Note the timestamps, and that all this time the agent isn't serving. The instance does start, but it is delayed.

This appears to be related to the loop activating plugins here: https://github.com/open-policy-agent/opa/blob/main/plugins/discovery/discovery.go#L240. It'd be good to avoid having the status plugin delaying boot when using persisted bundles.

Also notice that the for retry := 0; retry < maxActivationRetry; retry++ loop in https://github.com/open-policy-agent/opa/blob/main/plugins/discovery/discovery.go#L259 seems to lack a break statement at the end, so even when successfully activating the bundle in first attempt it will still run the loop 10 times (further slowing down the startup time).
I have confirmed this with logs (seeing 10 instances of the "Discovery bundle loaded from disk and activated successfully." debug log message before the server starts).

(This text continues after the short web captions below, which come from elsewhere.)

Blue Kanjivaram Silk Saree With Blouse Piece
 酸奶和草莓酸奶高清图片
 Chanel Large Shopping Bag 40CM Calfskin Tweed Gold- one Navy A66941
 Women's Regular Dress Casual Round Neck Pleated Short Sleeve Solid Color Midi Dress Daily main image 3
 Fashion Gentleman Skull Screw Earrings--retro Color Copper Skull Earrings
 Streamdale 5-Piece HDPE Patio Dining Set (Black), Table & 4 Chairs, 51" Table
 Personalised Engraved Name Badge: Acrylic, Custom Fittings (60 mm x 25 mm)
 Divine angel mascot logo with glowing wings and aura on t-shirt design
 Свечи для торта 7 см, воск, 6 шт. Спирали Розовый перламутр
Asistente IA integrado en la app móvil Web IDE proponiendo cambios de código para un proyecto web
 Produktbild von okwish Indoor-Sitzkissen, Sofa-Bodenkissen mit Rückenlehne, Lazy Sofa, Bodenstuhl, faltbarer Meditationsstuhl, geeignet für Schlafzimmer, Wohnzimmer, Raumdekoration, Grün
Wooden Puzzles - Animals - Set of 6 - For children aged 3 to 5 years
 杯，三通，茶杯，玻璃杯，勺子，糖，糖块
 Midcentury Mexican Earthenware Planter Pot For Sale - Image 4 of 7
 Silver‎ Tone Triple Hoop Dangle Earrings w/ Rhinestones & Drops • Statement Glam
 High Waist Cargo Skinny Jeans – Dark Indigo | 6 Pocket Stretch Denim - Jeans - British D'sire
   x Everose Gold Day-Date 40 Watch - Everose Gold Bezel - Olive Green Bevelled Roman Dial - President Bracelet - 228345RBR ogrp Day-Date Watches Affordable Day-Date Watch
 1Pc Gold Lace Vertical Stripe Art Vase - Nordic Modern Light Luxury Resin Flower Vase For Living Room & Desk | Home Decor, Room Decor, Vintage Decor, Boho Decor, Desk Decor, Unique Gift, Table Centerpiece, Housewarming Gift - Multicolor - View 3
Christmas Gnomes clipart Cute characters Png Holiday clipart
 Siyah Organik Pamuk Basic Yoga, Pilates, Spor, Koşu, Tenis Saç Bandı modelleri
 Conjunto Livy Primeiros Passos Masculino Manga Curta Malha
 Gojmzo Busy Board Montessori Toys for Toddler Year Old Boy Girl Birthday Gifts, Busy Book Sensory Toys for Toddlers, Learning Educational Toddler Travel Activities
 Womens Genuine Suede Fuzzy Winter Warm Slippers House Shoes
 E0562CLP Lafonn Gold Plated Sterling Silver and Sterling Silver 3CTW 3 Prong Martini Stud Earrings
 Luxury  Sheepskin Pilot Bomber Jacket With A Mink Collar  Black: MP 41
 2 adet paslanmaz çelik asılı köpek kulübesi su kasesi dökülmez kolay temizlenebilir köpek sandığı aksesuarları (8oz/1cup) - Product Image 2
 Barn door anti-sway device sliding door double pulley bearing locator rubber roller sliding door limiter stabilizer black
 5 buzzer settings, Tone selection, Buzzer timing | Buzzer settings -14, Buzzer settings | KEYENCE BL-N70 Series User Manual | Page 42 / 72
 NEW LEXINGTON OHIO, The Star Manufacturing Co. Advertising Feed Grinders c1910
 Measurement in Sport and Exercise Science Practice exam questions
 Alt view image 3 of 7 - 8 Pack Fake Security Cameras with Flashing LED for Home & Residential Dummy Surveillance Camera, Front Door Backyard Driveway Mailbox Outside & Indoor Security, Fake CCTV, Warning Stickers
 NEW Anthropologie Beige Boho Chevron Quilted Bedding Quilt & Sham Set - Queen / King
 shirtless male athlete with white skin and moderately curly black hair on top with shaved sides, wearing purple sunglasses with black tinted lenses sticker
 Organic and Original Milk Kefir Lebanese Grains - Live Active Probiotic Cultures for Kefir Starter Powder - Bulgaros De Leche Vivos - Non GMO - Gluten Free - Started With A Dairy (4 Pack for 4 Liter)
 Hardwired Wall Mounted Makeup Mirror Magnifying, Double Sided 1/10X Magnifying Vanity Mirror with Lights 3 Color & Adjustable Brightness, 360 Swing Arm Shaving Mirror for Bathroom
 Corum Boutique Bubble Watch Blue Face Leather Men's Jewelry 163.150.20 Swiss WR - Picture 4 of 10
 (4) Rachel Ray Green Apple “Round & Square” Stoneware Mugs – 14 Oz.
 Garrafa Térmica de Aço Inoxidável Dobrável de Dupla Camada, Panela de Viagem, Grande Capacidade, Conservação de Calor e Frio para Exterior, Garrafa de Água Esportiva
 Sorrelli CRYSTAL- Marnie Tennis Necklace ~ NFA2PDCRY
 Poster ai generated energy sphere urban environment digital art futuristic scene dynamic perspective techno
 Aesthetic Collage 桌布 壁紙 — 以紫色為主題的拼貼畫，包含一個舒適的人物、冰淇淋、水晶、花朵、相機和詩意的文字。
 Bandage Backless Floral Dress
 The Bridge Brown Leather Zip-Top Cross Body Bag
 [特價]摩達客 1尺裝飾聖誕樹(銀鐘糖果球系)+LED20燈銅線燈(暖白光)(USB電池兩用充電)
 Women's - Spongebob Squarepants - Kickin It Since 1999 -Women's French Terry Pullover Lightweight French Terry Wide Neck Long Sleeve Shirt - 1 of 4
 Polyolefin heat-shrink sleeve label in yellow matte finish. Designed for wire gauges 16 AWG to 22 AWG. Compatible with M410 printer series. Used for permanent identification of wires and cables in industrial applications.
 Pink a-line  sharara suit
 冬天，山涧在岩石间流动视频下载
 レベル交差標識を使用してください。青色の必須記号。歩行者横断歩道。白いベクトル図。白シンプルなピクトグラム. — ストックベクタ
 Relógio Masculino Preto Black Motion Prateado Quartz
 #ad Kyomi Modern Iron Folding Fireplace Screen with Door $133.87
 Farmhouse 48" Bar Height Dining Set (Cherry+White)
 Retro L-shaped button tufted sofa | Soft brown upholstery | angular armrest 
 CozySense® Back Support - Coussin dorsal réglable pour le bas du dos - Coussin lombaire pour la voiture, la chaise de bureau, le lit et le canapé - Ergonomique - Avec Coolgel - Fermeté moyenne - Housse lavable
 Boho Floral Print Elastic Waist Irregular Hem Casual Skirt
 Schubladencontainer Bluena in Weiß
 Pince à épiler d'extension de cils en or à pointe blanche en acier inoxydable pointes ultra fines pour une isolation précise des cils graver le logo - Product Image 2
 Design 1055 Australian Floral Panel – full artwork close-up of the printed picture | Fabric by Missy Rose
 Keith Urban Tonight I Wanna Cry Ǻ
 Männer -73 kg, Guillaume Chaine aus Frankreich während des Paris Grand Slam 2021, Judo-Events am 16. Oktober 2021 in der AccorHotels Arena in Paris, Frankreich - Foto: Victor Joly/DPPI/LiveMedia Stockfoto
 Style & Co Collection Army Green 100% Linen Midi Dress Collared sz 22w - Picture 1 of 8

Also notice that the for retry := 0; retry < maxActivationRetry; retry++ loop in https://github.com/open-policy-agent/opa/blob/main/plugins/discovery/discovery.go#L259 seems to lack a break statement at the end, so even when successfully activating the bundle in first attempt it will still run the loop 10 times (further slowing down the startup time). I have confirmed this with logs (seeing 10 instances of the "Discovery bundle loaded from disk and activated successfully." debug log message before the server starts).

Good catch. This is a bug.

Note the timestamps, and that all this time the agent isn't serving. The instance does start, but it is delayed.

This appears to be related to the loop activating plugins here: https://github.com/open-policy-agent/opa/blob/main/plugins/discovery/discovery.go#L240. It'd be good to avoid having the status plugin delaying boot when using persisted bundles.

@charlieegan3 I haven't tried this but have we looked into using buffered channels?

Alternatively since the manager has the plugin status on it, we could do the status upload async.

Hey, I've been having a play with using a buffered channel for the updates this morning. It works, but our tests are quite brittle around some of this stuff and so they need to be reworked. I'll see where I can get to this afternoon.

#6345 is all I had time for today. I've tried to make some careful updates to tests to maintain the behaviour, but remove the expectation that the status plugin will be in State:OK immediately. Take a look, I'm out tomorrow so feel free to take over and make edits as needed.